▶ _HOW TO COMPLETE THIS TASK_:
If a record contains a picture, skip the picture and transcribe the rest exactly.

▶ _Pictures with short captions_:
_ _ _

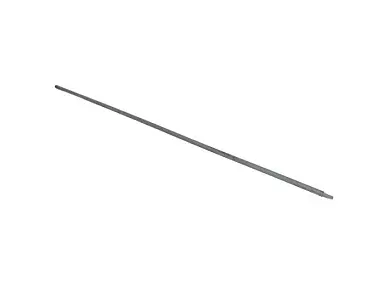 Штырь заземлителя D=16мм, L=1500мм безмуфтовый HZ EKF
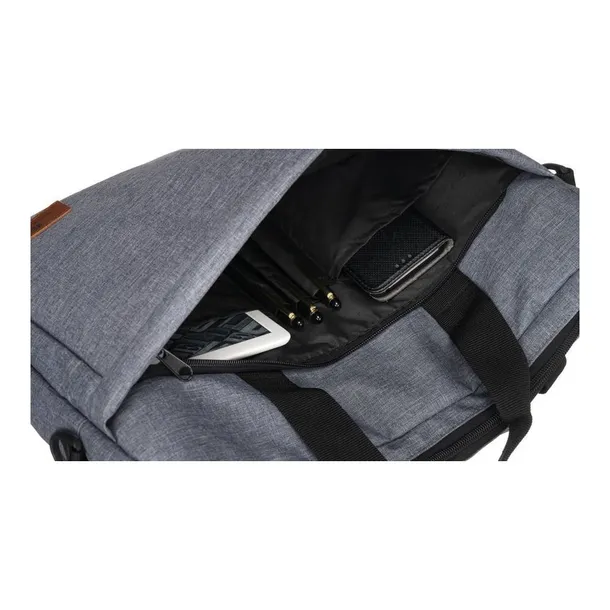 dhptngbp1861885-marka-peterson-kod-producenta-dhptngbp1861885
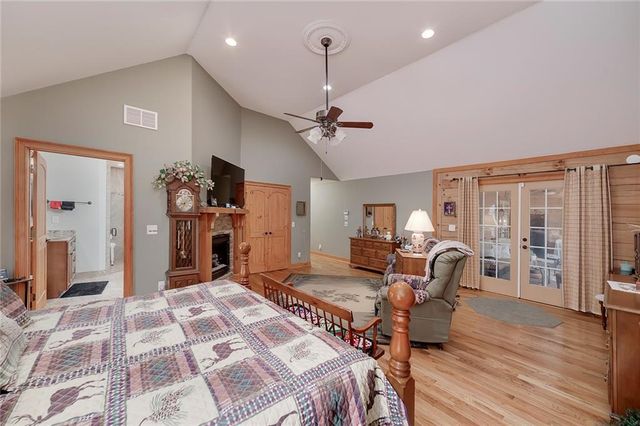 570 Eskew Road, Mcdonough, GA 30252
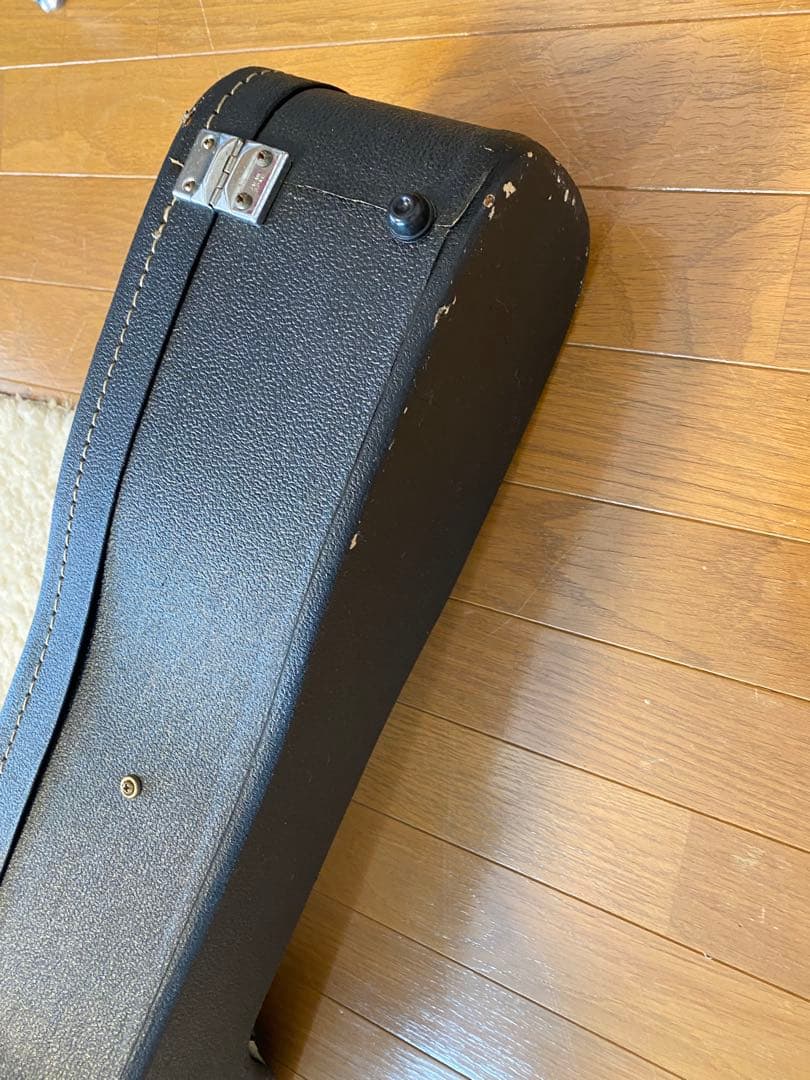YAMAHA FG 251アコースティックギター
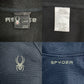 SPYDER Fleece Jacket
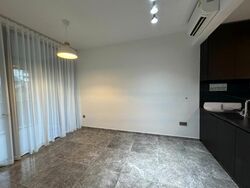 Hyll On Holland (D10), Condominium #459852491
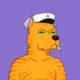 Test 222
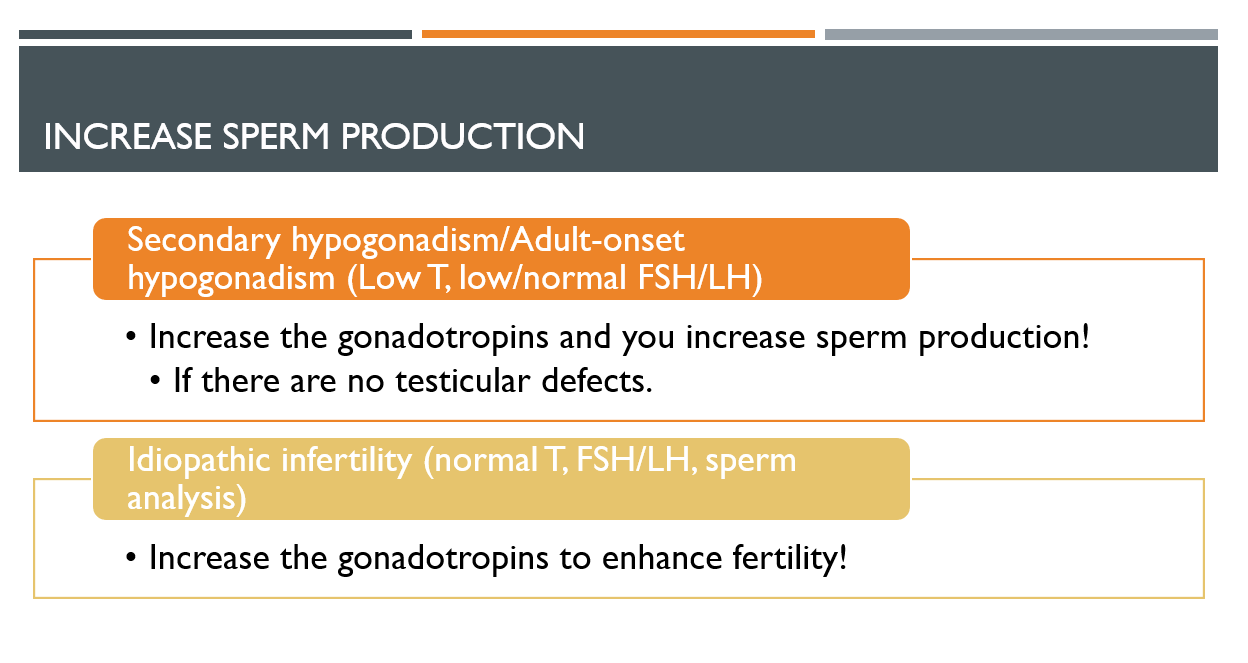 The Advanced Mens Health And Testosterone Replacement Therapy Course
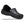 Classic Platform Fuzz Lined Clog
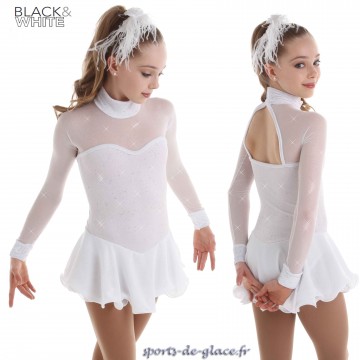 https://www.dev.sports-de-glace.fr/4669-thickbox/elite-xpression-snow-queen-skating-dress.jpg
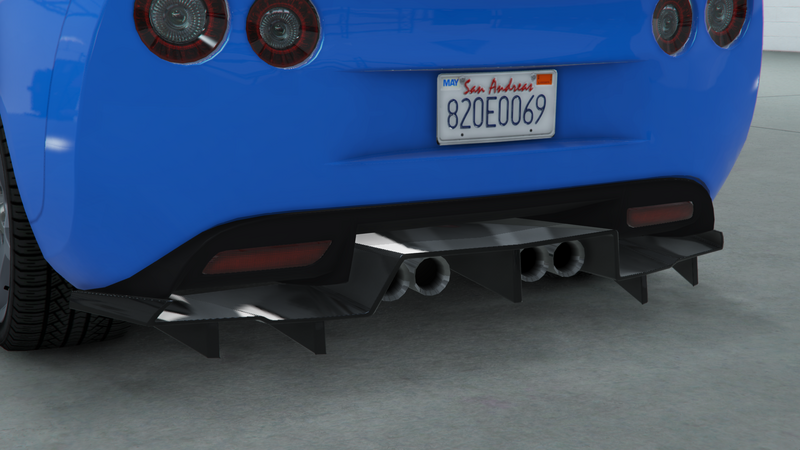 파일:CoquetteD5-GTAOe-RearDiffusers-SecondaryUtilityBumper.png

_ _ _

▶ _ANSWER_:
 Штырь заземлителя D=16мм, L=1500мм безмуфтовый HZ EKF
 dhptngbp1861885-marka-peterson-kod-producenta-dhptngbp1861885
 570 Eskew Road, Mcdonough, GA 30252
YAMAHA FG 251アコースティックギター
 SPYDER Fleece Jacket
 Hyll On Holland (D10), Condominium #459852491
 Test 222
 The Advanced Mens Health And Testosterone Replacement Therapy Course
 Classic Platform Fuzz Lined Clog
 https://www.dev.sports-de-glace.fr/4669-thickbox/elite-xpression-snow-queen-skating-dress.jpg
 파일:CoquetteD5-GTAOe-RearDiffusers-SecondaryUtilityBumper.png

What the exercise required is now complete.